Both aspirations are essential and indispensable for
the fullness of this yoga. When the psychic imposes its aspiration
on the mind, vital and body, then they too aspire and this is what
was felt as the aspiration from the level of the lower being. The
aspiration felt above is that of the Jivatman for the higher consciousness
with its realisation of the One to manifest in the being. Therefore
both aspirations help each other. The seeking of the lower being
is necessarily at first intermittent and oppressed by the ordinary
consciousness. It has, by sadhana, to become clear, constant, strong
and enduring.
SRI AUROBINDO
In the experience of yoga the self
or being is in essence one with the Divine or at least it is a portion
of the Divine and has all the divine potentialities. But in manifestation
it takes two aspects, the Purusha and Prakriti, conscious being
and Nature. In Nature here the Divine is veiled, and the individual
being is subjected to Nature which acts here as the lower Prakriti,
a force of Ignorance, Avidya. The Purusha in itself is divine, but
exteriorised in the ignorance of Nature it is the individual apparent
being imperfect with her imperfection. Thus the soul or psychic
essence, which is the Purusha entering into the evolution and supporting
it, carries in itself all the divine potentialities; but the individual
psychic being which it puts forth as its representative assumes
the imperfection of Nature and evolves in it till it has recovered
its full psychic essence and united itself with the Self above of
which the soul is the individual projection in the evolution.

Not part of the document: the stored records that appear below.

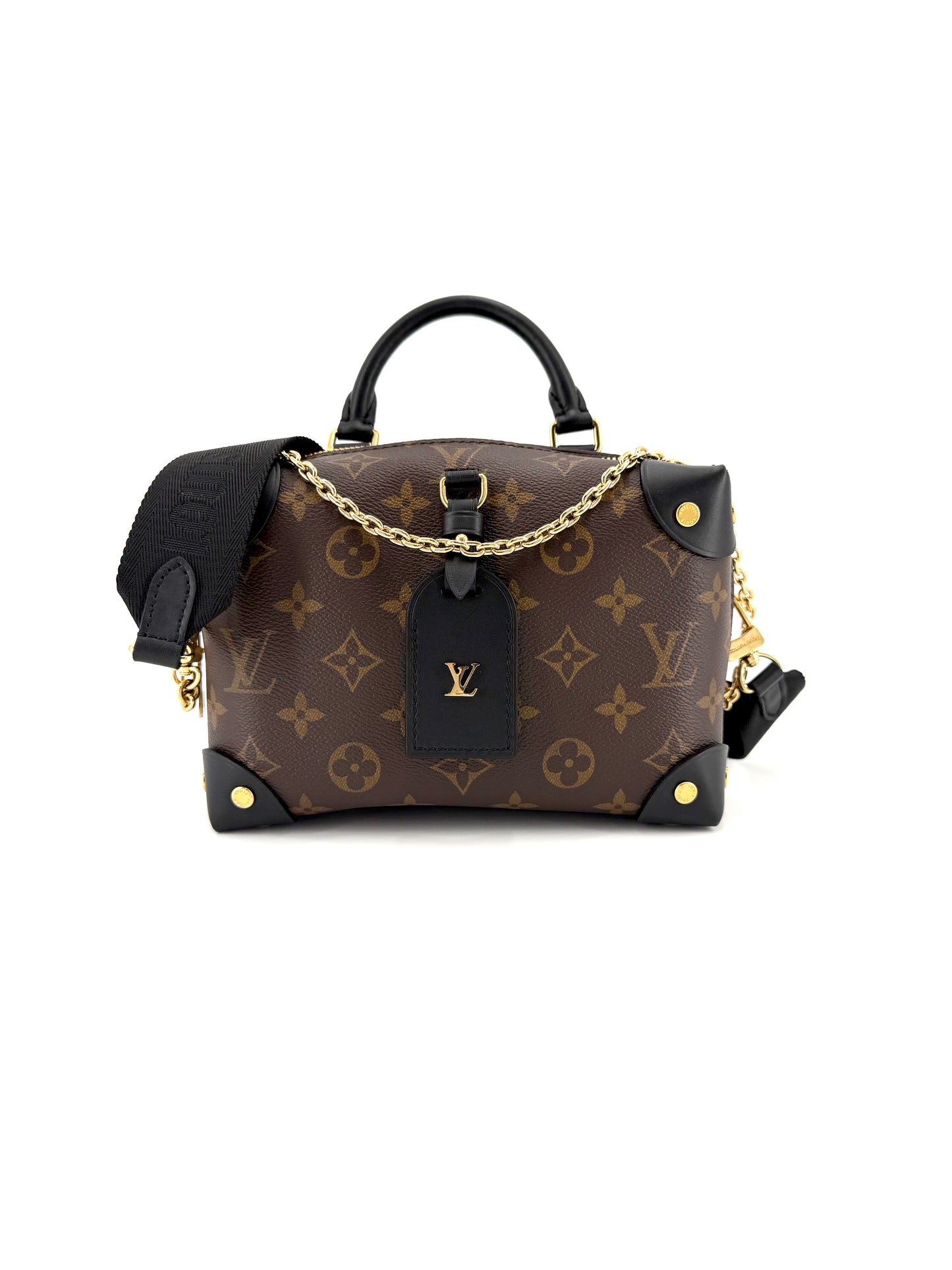 Pre-Owned Louis Vuitton Monogram Petite Malle Souple Crossbody Bag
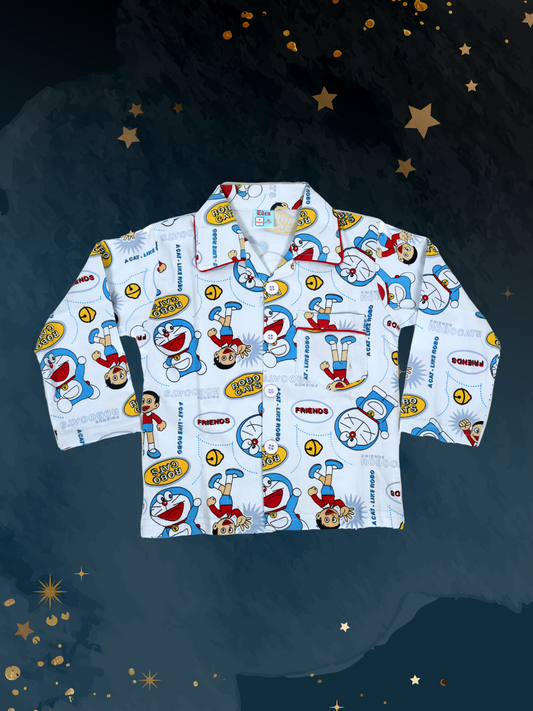 Doraemon Dreamland Night Suit Set For Boys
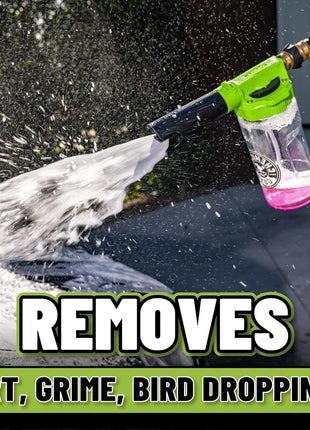 Chemical Guys TORQ Foam Blaster 6 - Foam Cannon Garden Hose Attachment, Easy to Use, Sprays Thick Suds for Safe Washing Trucks, SUVs, Motorcycles, RVs, and Other Vehicles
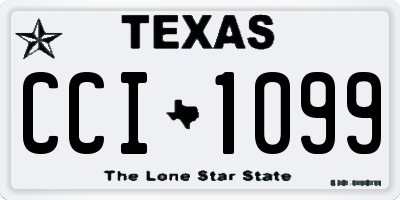 TX license plate CCI1099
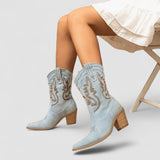 Bottines en Denim Selena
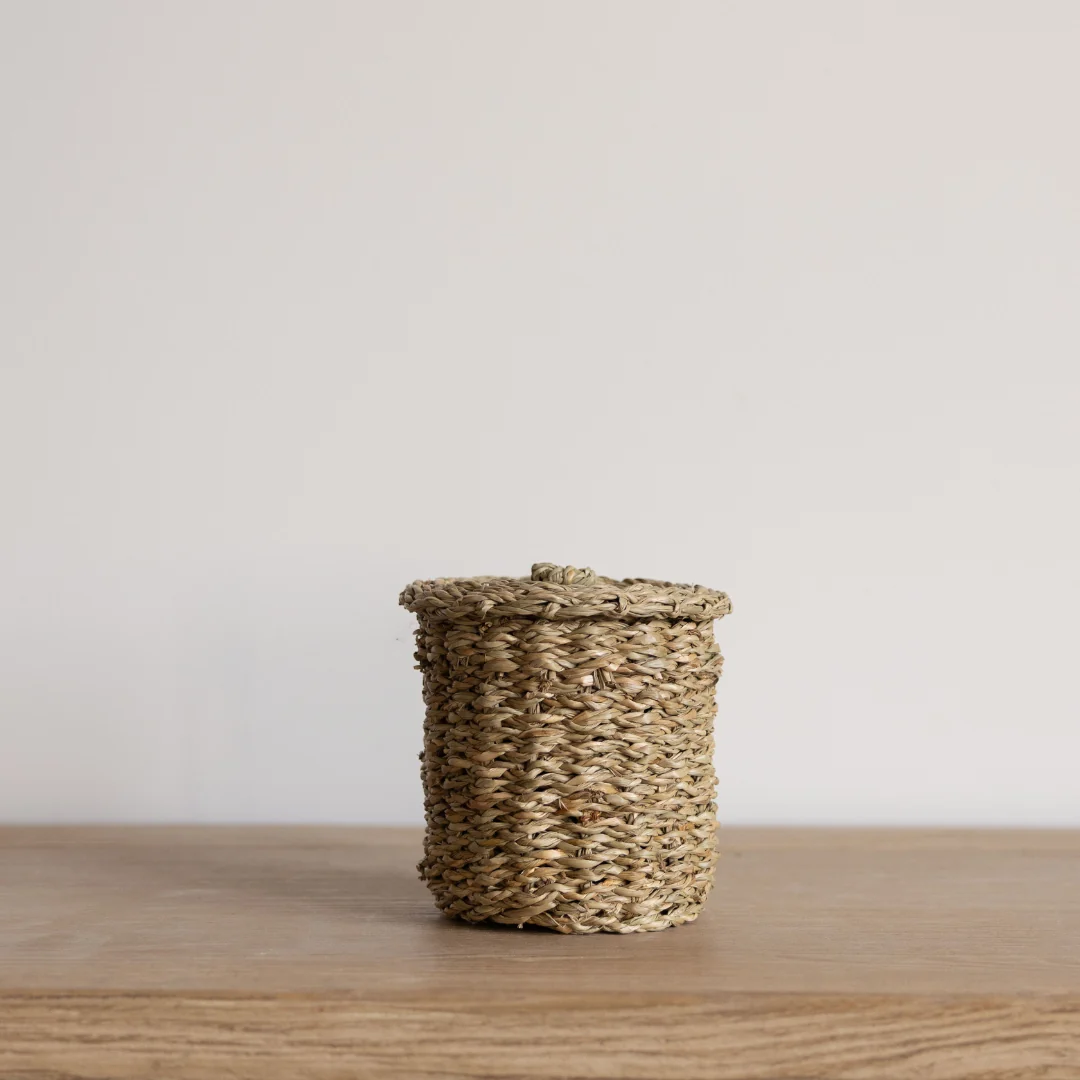 Woven Seagrass Canister Set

This
duality in the being on all its planes -for it is true in different
ways not only of the Self and the psychic but of the mental, vital
and physical Purushas has to be grasped and accepted before the
experiences of the yoga can be fully understood.
The Being is one throughout, but on each plane of Nature,
it is represented by a form of itself which is proper to that plane,
the mental Purusha in the mental plane, the vital Purusha in the
vital, the physical Purusha in the physical. The Taittiriya Upanishad
speaks of two other planes of the being, the Knowledge or Truth
plane and the Ananda plane, each with its Purusha, but although
influences may come down from them, these are superconscient to
the human mind and their nature is not yet organised here.